A line graph of the latest ONS all-death figures for England and Wales up to the end of week 15 (April 10), with the past five years and the 2010-14 average in there for comparison. (Click to enlarge.)

 

(It may look scary, but remember that your risk of dying from C19 is still very small.)

A line graph of the latest ONS all-death figures for ages 85 and over, for England and Wales, up to the end of week 15 (April 10), with the past ten years in there for comparison. (Click to enlarge.)

 

A line graph of the latest ONS all-death figures for ages 75-84, for England and Wales, up to the end of week 15 (April 10), with the past ten years in there for comparison. (Click to enlarge.)

 

A line graph of the latest ONS all-death figures for ages 65-74, for England and Wales, up to the end of week 15 (April 10), with the past ten years in there for comparison. (Click to enlarge.)

 

A line graph of the latest ONS all-death figures for all ages, for England and Wales, up to the end of week 15 (April 10), with the past ten years in there for comparison. (Click to enlarge.)

 

A line graph of respiratory deaths for Eng & Wales up to the end of week 15 (April 10), with past years in there for comparison. (Click to enlarge.)

 

Basically, respiratory deaths are in the normal range. But bear in mind that Covid-19 is killing many people in other ways.

 

Note: Graphs done by blog reader David Clark, who does this sort of thing for a living. All stats are from the ONS.

Share this article on social media:

23 thoughts on “Week 15 ONS line graphs

  1. So what you’re saying is that overall deaths have shot up, and the older you are the more they have shot up, but respiratory deaths are nothing out of the ordinary. So older people are dying in droves but not particularly because of respiratory problems.

  2. “But bear in mind that Covid-19 is killing many people in other ways.”

    Is it at all understood how Covid-19 can kill someone? From what I can see, it seem hazy.

  3. On the first graph, the week 52 for 2015 (purple line) does not match the week 1 line for 2016. Ditto for 2016/2017, etc.
    There seems to be a data mismatch.

  4. So were all the people clamoring for you to “wait a couple of weeks” vindicated, as it were? Have the recent data caused you to change your position on the government’s policies in part or in whole?

    That is a striking jump in all-cause death and something feels…off about it.

  5. I also predicted a rise in deaths over late March to mid April as we came to the peak, and then a falling off as the warmer weather comes in. If this really was the once-in-a-century mass killing pandemic that its being portrayed as then we would have seen far more deaths than we have.

    But I don’t think the lockdown is worth it even if we’d had 100 000 more deaths. I need to write a blog post about this.

  6. @Hector

    Para 1 +1 Global Pandemic?

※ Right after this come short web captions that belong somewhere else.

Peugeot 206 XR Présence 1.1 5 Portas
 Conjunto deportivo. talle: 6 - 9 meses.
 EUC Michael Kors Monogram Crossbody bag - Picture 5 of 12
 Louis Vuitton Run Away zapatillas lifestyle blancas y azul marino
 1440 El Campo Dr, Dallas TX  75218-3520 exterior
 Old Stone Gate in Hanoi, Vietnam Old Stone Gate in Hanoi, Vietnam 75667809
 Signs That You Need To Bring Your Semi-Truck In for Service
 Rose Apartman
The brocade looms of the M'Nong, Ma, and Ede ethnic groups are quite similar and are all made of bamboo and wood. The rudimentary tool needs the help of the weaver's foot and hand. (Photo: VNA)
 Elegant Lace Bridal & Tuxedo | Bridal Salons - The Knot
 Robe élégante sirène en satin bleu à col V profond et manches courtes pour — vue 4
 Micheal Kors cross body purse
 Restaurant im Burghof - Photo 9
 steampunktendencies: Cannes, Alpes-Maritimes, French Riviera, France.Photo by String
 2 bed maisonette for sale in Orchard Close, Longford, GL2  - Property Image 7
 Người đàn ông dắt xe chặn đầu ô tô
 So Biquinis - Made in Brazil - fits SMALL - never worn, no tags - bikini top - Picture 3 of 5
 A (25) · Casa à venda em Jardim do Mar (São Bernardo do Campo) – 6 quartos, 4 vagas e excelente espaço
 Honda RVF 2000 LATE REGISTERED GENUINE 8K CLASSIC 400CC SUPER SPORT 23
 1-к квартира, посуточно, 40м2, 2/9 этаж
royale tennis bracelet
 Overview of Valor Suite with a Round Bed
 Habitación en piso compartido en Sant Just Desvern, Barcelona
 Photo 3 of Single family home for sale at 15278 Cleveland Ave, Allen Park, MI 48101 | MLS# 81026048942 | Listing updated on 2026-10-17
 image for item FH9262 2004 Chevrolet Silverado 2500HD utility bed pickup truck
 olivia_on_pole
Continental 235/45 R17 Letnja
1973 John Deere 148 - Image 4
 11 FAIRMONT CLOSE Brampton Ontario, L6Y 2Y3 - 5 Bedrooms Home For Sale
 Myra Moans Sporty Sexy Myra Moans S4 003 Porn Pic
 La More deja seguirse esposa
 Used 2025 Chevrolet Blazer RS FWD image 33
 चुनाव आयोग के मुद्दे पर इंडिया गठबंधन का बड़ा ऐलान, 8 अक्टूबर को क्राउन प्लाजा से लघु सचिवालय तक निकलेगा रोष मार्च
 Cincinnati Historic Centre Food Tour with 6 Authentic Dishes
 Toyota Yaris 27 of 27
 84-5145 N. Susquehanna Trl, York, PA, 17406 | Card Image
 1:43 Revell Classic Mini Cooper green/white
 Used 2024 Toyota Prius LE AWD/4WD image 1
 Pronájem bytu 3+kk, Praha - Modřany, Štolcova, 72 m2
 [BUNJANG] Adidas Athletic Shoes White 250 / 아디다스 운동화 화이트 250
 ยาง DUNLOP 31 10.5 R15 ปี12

Deaths (176,786) and infected (2,520,522 cases) are orders of magnitude below a Global Pandemic

    Para 2 +1 UK Shutdown cost is running at £2.4bn/per day or ~£30 Million per With CV-19 premature death and GDP cost/death increasing daily

    Maybe it’s time to put Col Tim Collins in charge, he’s not scared of some deaths causing negative press coverage unlike our spineless politicians who refuse to lead and hide behind Medics whose prime objective is saving lives

    Replacing Med advisors with Undertakers another thought

  7. Gov Today (again): Isolation needed for rest of 2020. Must wait for a vaccine or people might die.

    Was world shut/isolating before MMR, Whooping Cough, Chickenpox, Flu…. vaccines?

    As I was at Prep school in 196/70s and caught all but mumps; holidayed in IoM, London, Tunisia, Austria, Switzerland: world Not shut

    Is world shut/isolating from:
    TB: 1.5 million people died from TB in 2018
    HIV: In 2018, 770,000 people died of AIDS-related illnesses. This number has reduced since the peak of 1.7 million in 2004 and 1.4 million in 2010

    Message for Govs: Everybody Dies

  8. Nice graphs but why replicate what you can see on Euro Momo?
    Also the comparison is not with deaths in these weeks its with excess deaths during influenza seasons which are mid winter. EuroMomo all ages excess deaths graph clearly shows the CV-19 excess is almost exactly the same as the 2018 influenza excess death graph in amplitude, duration and shape.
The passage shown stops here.